• _Assignment_
Could you write out the line containing "Flanellen overhemd met" and all the lines below it in the data, exactly, through the final one and nothing else?

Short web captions
-- Opening Marker --

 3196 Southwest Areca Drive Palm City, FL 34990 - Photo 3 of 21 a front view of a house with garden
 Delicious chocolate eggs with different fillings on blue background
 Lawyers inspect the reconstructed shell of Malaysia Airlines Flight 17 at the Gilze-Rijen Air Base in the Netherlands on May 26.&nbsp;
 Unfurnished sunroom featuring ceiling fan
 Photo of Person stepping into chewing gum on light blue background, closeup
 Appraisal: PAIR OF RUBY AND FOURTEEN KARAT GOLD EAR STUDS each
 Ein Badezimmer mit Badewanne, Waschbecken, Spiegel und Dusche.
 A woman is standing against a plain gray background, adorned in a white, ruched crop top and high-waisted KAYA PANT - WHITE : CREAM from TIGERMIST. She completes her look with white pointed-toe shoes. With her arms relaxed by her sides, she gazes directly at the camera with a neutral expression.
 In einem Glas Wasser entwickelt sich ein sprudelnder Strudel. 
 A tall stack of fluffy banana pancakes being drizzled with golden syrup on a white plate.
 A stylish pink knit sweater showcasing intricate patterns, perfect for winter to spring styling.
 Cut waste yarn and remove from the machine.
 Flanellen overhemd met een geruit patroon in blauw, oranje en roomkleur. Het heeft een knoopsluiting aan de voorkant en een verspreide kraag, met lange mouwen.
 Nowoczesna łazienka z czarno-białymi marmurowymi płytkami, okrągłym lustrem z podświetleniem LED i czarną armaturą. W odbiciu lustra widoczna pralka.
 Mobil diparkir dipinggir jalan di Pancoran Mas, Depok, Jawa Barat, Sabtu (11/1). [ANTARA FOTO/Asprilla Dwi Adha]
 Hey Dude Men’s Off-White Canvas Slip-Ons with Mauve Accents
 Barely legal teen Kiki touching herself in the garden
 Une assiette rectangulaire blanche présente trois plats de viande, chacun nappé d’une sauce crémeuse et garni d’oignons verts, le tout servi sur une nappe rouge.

-- Closing Marker --

• _Reply_
 Flanellen overhemd met een geruit patroon in blauw, oranje en roomkleur. Het heeft een knoopsluiting aan de voorkant en een verspreide kraag, met lange mouwen.
 Nowoczesna łazienka z czarno-białymi marmurowymi płytkami, okrągłym lustrem z podświetleniem LED i czarną armaturą. W odbiciu lustra widoczna pralka.
 Mobil diparkir dipinggir jalan di Pancoran Mas, Depok, Jawa Barat, Sabtu (11/1). [ANTARA FOTO/Asprilla Dwi Adha]
 Hey Dude Men’s Off-White Canvas Slip-Ons with Mauve Accents
 Barely legal teen Kiki touching herself in the garden
 Une assiette rectangulaire blanche présente trois plats de viande, chacun nappé d’une sauce crémeuse et garni d’oignons verts, le tout servi sur une nappe rouge.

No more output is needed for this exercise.